• **Description of the task**
Restate word for word the lines of the records below, starting at the line that contains "UDINE, ITALY - AUGUST" and ending at the line that contains "Glada ung kvinna", with both of those lines included and nothing else.

• **Provided data**
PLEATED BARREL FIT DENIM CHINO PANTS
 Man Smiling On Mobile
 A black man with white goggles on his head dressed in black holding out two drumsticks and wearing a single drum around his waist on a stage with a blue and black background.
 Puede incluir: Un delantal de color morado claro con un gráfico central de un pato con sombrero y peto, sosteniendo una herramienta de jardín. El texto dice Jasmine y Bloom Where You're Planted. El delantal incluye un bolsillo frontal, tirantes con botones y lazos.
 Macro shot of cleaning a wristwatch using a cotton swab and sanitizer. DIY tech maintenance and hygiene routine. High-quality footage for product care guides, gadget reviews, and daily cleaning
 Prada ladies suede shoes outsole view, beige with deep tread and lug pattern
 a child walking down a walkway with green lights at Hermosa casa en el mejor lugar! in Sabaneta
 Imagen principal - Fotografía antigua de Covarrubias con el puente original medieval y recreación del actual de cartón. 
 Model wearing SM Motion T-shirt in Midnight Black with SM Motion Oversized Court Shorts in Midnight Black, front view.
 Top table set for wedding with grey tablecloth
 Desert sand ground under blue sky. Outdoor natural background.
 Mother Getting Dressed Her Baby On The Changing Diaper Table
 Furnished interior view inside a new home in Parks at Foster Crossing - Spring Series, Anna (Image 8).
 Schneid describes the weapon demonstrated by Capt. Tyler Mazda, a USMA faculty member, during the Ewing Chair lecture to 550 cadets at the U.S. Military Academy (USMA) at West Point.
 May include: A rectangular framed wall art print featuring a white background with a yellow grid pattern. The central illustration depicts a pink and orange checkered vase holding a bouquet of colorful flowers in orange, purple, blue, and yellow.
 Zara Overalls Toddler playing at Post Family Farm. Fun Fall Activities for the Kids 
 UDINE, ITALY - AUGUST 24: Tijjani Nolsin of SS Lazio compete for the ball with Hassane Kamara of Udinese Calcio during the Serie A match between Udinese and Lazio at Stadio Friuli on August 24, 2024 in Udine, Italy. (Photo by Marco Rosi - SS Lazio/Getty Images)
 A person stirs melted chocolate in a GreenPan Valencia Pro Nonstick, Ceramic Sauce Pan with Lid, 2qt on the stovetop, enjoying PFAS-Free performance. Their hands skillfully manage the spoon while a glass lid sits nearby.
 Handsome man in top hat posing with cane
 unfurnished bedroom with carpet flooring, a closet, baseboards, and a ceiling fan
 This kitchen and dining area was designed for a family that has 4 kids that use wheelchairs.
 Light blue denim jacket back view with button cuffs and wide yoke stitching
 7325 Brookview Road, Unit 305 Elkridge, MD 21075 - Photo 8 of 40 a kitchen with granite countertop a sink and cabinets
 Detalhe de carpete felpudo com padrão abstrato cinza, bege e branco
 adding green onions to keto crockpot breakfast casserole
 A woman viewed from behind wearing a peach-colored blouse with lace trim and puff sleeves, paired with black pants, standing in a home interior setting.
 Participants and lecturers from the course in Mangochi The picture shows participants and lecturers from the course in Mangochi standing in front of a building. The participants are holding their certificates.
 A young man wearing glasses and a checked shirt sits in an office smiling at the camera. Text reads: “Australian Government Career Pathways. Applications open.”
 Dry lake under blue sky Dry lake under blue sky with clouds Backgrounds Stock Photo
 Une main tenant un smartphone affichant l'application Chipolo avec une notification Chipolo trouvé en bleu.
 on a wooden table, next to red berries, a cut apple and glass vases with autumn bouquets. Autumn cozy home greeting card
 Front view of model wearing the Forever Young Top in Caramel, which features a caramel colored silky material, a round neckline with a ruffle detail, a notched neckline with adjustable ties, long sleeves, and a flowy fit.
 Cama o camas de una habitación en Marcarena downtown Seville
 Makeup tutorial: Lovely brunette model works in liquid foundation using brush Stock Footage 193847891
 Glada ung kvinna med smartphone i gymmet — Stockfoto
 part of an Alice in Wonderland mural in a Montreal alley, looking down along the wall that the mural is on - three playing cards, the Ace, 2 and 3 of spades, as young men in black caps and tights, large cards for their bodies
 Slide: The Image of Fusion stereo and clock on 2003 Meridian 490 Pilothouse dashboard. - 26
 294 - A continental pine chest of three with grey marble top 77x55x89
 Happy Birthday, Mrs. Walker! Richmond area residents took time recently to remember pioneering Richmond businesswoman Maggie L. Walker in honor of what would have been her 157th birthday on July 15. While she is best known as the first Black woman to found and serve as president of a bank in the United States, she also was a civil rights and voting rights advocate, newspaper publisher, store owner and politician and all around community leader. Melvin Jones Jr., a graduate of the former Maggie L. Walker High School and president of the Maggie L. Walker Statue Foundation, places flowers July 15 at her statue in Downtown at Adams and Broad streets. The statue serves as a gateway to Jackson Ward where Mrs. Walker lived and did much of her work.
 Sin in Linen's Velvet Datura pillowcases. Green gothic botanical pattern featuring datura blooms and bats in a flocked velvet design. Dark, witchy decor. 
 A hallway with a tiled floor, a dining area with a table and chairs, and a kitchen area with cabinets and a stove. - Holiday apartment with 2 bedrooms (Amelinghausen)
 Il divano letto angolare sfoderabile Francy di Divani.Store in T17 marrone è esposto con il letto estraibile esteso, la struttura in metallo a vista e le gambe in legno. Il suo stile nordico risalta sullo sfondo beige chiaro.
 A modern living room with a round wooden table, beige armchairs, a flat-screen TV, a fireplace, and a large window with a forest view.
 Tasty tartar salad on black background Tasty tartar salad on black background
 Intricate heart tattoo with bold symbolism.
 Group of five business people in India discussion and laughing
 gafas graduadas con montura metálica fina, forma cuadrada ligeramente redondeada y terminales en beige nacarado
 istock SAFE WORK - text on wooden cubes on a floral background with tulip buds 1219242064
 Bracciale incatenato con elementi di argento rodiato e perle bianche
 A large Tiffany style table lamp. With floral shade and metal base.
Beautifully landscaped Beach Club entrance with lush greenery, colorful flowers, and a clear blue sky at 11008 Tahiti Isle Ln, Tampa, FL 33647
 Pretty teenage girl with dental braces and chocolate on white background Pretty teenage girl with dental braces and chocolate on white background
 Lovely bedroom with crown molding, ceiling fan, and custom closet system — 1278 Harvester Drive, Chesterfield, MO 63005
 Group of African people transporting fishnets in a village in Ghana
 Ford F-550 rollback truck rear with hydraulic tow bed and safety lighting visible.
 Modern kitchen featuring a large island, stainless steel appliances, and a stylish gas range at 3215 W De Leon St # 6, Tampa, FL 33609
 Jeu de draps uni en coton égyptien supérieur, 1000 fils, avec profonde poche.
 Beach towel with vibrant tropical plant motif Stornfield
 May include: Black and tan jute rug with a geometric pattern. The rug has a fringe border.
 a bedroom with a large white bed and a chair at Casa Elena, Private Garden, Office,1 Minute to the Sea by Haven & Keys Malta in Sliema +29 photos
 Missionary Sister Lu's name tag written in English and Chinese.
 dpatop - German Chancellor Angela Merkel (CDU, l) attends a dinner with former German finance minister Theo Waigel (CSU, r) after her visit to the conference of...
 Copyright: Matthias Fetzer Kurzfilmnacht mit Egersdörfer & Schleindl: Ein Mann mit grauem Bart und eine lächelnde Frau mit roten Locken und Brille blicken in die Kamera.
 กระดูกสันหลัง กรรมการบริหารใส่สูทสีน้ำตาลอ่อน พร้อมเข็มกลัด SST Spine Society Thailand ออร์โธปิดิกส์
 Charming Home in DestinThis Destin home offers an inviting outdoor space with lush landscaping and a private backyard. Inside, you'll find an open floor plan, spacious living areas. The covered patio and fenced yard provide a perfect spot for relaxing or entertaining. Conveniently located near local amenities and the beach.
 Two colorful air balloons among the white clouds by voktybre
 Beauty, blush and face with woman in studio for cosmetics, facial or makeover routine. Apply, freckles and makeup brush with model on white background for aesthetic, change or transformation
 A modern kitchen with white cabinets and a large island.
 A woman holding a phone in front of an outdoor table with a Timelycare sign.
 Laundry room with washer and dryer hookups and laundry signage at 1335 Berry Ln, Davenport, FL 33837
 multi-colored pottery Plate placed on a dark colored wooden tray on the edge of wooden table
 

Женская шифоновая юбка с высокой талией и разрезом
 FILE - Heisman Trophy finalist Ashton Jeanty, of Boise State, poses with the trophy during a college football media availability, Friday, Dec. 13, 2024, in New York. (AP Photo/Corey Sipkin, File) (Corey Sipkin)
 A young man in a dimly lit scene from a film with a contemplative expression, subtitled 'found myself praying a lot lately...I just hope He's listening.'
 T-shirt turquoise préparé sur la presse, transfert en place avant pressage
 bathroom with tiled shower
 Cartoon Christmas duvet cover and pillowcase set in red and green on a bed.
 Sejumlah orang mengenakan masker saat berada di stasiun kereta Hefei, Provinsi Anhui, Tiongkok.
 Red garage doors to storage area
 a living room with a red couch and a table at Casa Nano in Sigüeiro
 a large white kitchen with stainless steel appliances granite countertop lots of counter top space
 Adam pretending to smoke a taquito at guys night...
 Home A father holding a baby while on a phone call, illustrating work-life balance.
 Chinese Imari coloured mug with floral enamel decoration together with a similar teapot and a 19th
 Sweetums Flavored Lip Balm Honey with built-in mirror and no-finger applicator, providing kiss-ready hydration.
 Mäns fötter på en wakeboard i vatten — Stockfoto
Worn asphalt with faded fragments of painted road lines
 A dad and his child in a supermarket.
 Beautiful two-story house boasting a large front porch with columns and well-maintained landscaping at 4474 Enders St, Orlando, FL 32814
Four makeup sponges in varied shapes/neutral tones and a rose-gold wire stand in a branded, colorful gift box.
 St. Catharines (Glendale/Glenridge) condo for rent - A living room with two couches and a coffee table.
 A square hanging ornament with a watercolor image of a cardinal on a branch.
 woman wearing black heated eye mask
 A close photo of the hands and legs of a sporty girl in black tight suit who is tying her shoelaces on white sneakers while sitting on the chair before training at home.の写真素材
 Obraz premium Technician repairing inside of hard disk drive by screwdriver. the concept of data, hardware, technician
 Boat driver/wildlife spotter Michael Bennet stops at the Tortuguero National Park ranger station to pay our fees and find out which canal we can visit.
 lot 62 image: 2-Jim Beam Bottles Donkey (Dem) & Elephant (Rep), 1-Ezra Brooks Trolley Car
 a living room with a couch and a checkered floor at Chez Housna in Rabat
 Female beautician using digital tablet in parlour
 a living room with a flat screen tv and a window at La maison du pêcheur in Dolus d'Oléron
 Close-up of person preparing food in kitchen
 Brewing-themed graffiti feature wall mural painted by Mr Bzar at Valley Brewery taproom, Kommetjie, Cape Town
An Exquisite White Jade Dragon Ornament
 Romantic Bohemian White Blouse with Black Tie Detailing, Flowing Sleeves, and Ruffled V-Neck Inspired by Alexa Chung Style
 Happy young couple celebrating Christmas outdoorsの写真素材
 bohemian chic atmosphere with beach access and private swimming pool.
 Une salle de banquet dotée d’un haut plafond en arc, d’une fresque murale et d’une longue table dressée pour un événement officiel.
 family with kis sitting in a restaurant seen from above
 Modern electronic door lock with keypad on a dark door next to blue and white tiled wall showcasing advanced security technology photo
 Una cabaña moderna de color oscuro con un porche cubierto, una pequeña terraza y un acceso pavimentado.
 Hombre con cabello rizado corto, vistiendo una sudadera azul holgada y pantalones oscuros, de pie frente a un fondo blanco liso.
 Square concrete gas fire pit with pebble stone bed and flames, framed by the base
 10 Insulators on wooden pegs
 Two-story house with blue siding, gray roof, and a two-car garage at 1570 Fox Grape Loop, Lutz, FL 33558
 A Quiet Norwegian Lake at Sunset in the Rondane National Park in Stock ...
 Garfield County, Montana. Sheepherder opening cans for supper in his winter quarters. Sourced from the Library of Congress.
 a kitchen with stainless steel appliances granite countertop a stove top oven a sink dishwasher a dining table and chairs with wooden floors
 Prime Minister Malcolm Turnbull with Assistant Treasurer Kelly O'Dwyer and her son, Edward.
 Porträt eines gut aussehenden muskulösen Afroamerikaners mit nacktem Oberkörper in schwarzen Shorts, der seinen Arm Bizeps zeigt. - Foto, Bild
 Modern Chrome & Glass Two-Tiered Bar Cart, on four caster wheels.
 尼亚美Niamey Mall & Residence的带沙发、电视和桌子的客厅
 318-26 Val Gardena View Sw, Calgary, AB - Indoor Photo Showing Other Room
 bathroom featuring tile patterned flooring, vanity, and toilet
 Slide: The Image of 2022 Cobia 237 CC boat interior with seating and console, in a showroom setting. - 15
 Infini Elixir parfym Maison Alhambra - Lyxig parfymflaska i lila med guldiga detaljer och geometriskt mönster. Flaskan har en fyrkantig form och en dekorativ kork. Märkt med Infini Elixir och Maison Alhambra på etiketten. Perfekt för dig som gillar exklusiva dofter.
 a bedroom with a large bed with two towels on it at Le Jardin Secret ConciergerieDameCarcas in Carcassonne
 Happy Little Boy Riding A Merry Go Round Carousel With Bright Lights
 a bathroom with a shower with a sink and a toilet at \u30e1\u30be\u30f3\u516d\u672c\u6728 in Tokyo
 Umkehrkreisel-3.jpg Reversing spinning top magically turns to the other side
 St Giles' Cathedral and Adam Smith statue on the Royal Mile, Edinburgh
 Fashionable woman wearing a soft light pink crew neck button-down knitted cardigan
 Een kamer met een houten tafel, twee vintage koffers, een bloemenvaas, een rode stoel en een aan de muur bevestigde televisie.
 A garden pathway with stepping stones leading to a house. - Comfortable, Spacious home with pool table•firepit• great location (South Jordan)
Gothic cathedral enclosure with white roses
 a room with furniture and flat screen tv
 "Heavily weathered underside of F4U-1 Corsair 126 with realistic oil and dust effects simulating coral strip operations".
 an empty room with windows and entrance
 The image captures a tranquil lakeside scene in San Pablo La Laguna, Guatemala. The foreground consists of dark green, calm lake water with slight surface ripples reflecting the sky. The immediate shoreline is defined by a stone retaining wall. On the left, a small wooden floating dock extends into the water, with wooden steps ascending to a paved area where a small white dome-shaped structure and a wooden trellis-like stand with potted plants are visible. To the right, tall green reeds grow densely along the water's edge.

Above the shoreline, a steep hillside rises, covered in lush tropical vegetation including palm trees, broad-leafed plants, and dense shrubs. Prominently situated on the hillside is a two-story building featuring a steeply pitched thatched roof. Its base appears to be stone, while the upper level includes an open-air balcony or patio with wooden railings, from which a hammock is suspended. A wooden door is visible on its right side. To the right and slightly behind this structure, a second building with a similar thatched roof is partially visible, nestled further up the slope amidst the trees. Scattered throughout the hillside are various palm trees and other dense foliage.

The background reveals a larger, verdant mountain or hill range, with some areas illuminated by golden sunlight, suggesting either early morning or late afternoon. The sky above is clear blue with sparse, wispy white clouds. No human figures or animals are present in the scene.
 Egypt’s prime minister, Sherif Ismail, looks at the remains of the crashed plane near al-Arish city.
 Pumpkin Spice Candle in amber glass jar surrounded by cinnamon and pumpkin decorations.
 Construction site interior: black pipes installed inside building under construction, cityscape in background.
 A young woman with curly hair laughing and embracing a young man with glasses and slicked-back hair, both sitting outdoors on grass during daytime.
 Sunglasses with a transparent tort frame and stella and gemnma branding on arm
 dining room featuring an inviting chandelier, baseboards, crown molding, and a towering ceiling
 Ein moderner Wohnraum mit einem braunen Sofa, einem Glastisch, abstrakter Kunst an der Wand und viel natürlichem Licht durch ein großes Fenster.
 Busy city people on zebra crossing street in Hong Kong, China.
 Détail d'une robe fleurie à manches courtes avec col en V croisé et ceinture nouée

• **Exercise response**
 UDINE, ITALY - AUGUST 24: Tijjani Nolsin of SS Lazio compete for the ball with Hassane Kamara of Udinese Calcio during the Serie A match between Udinese and Lazio at Stadio Friuli on August 24, 2024 in Udine, Italy. (Photo by Marco Rosi - SS Lazio/Getty Images)
 A person stirs melted chocolate in a GreenPan Valencia Pro Nonstick, Ceramic Sauce Pan with Lid, 2qt on the stovetop, enjoying PFAS-Free performance. Their hands skillfully manage the spoon while a glass lid sits nearby.
 Handsome man in top hat posing with cane
 unfurnished bedroom with carpet flooring, a closet, baseboards, and a ceiling fan
 This kitchen and dining area was designed for a family that has 4 kids that use wheelchairs.
 Light blue denim jacket back view with button cuffs and wide yoke stitching
 7325 Brookview Road, Unit 305 Elkridge, MD 21075 - Photo 8 of 40 a kitchen with granite countertop a sink and cabinets
 Detalhe de carpete felpudo com padrão abstrato cinza, bege e branco
 adding green onions to keto crockpot breakfast casserole
 A woman viewed from behind wearing a peach-colored blouse with lace trim and puff sleeves, paired with black pants, standing in a home interior setting.
 Participants and lecturers from the course in Mangochi The picture shows participants and lecturers from the course in Mangochi standing in front of a building. The participants are holding their certificates.
 A young man wearing glasses and a checked shirt sits in an office smiling at the camera. Text reads: “Australian Government Career Pathways. Applications open.”
 Dry lake under blue sky Dry lake under blue sky with clouds Backgrounds Stock Photo
 Une main tenant un smartphone affichant l'application Chipolo avec une notification Chipolo trouvé en bleu.
 on a wooden table, next to red berries, a cut apple and glass vases with autumn bouquets. Autumn cozy home greeting card
 Front view of model wearing the Forever Young Top in Caramel, which features a caramel colored silky material, a round neckline with a ruffle detail, a notched neckline with adjustable ties, long sleeves, and a flowy fit.
 Cama o camas de una habitación en Marcarena downtown Seville
 Makeup tutorial: Lovely brunette model works in liquid foundation using brush Stock Footage 193847891
 Glada ung kvinna med smartphone i gymmet — Stockfoto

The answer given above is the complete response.